**Record extracts:**

= = = =

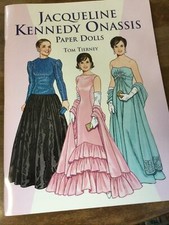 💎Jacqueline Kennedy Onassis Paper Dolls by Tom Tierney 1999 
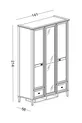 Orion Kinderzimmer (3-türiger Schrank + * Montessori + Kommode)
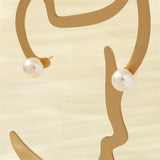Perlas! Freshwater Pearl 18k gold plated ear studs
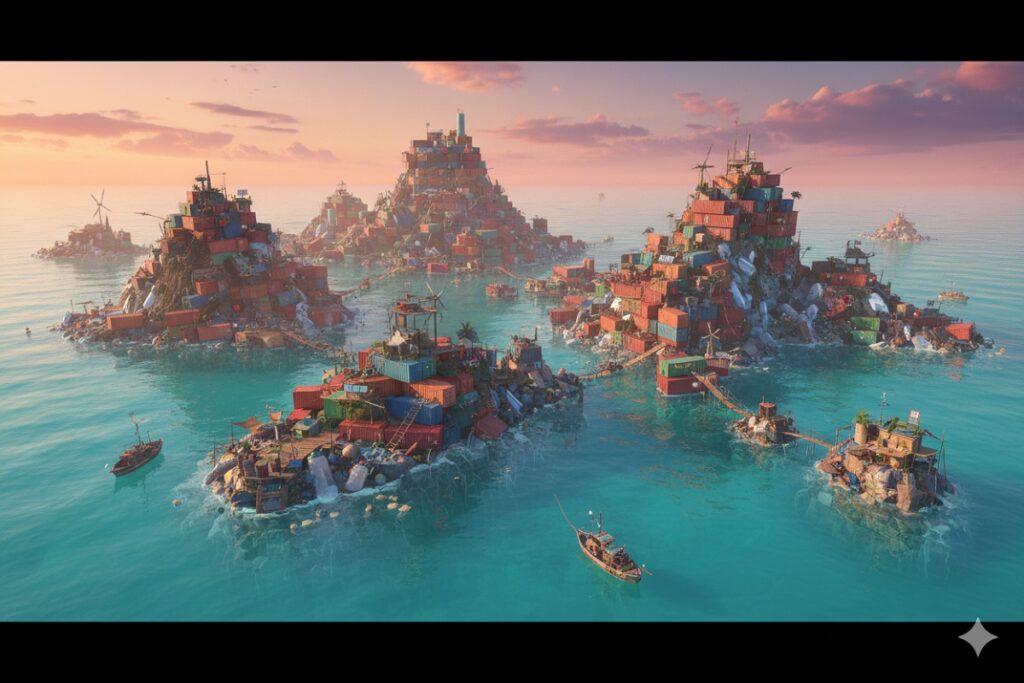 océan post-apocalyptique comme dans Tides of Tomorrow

= = = =

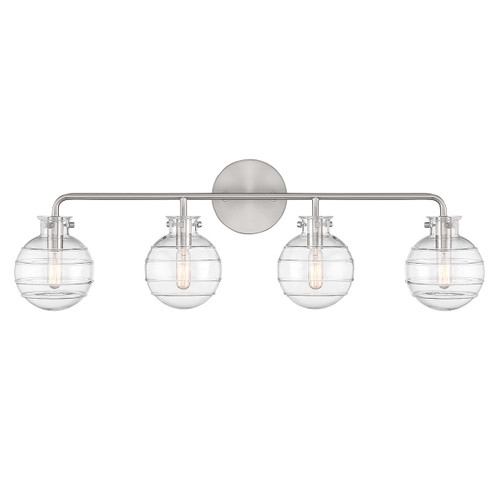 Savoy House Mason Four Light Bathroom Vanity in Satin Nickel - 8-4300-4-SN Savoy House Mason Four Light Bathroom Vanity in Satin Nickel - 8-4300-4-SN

= = = =

**Your goal:**
In the listing above, find the line with "Tom Tierney 1999" and output it and every line after it up to and including the line with "océan post-apocalyptique comme", exactly, minus the pictures.

**Response below:**
 💎Jacqueline Kennedy Onassis Paper Dolls by Tom Tierney 1999 
 Orion Kinderzimmer (3-türiger Schrank + * Montessori + Kommode)
Perlas! Freshwater Pearl 18k gold plated ear studs
 océan post-apocalyptique comme dans Tides of Tomorrow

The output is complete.